[RECORDS SUPPLIED — start]

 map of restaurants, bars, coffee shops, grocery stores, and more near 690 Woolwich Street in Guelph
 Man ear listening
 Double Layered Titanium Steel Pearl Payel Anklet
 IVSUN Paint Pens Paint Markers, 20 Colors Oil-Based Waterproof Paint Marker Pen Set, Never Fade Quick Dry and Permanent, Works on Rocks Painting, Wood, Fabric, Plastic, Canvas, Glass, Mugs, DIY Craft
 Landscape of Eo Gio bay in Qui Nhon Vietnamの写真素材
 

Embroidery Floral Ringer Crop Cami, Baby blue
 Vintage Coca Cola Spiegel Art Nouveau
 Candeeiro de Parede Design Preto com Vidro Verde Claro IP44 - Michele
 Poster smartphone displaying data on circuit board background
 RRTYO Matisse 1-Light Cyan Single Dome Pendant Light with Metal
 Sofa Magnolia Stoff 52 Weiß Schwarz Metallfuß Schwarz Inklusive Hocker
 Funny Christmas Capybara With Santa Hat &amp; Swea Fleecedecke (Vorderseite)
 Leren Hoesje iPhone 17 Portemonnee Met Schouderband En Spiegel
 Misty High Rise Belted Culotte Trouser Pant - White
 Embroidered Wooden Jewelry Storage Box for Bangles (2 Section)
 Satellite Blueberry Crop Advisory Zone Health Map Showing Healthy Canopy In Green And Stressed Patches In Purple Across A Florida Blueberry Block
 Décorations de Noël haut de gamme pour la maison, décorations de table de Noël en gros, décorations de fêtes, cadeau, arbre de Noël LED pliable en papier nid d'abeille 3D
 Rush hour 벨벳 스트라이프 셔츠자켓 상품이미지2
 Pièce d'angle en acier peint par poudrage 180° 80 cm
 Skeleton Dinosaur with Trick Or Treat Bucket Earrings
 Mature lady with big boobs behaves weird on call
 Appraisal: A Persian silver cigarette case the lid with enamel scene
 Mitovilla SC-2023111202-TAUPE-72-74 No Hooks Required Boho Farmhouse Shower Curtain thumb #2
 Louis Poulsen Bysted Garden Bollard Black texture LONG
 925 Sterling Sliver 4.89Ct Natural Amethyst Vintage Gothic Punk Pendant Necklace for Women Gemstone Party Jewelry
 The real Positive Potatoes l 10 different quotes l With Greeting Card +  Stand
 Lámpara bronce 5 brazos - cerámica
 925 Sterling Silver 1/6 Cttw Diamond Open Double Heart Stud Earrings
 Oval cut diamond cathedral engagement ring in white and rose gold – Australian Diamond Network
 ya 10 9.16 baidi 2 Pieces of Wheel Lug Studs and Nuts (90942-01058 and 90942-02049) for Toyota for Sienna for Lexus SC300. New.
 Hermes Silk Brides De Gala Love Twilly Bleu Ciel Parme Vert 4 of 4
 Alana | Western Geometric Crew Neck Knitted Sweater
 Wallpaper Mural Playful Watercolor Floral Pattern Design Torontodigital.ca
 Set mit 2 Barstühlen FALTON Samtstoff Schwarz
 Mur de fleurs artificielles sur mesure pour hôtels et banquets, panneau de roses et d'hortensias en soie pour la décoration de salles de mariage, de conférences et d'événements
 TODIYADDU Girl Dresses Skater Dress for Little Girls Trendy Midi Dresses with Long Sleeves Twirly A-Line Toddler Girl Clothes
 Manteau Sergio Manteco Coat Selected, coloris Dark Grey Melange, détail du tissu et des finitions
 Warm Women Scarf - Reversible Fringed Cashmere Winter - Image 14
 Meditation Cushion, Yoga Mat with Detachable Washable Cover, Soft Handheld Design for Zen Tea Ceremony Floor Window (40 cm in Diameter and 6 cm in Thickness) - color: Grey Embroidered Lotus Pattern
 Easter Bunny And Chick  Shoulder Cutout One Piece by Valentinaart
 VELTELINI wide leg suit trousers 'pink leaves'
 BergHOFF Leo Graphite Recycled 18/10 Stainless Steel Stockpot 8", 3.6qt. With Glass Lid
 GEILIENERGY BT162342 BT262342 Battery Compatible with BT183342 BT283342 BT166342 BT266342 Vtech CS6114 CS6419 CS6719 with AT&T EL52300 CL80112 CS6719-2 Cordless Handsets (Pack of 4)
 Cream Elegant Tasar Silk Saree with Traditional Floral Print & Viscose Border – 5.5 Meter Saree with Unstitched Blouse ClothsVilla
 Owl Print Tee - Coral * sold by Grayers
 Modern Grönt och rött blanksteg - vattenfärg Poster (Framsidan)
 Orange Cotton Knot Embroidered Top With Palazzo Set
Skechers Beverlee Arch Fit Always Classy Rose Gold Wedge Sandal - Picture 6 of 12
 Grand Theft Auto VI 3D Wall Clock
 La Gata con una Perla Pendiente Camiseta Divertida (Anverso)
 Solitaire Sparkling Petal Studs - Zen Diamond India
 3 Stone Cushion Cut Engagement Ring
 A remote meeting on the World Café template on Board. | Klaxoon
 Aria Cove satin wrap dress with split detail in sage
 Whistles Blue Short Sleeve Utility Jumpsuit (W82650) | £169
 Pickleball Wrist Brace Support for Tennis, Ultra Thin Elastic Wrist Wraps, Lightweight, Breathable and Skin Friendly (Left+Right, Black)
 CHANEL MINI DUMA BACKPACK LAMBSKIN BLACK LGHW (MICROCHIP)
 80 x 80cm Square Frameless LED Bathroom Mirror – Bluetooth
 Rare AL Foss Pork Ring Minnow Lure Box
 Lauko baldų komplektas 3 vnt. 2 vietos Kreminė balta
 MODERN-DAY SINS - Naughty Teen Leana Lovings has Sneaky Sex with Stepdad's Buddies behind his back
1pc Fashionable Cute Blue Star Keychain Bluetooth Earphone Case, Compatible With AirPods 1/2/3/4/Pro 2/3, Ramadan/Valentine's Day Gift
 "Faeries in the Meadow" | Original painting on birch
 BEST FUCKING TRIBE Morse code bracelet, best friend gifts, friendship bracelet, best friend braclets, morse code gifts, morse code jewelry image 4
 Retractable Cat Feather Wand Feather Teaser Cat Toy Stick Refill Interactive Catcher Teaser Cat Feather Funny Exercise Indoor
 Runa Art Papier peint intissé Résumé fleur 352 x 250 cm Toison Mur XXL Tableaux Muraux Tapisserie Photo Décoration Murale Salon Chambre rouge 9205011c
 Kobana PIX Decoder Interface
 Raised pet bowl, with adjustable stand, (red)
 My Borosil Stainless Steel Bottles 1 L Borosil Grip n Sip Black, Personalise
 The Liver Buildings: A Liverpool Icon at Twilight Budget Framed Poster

[RECORDS SUPPLIED — finish]

= WORK REQUEST =
Go through the material above, and wherever a line contains the string "Print", return it.

= RESULT OF THIS EXERCISE =
 Cream Elegant Tasar Silk Saree with Traditional Floral Print & Viscose Border – 5.5 Meter Saree with Unstitched Blouse ClothsVilla
 Owl Print Tee - Coral * sold by Grayers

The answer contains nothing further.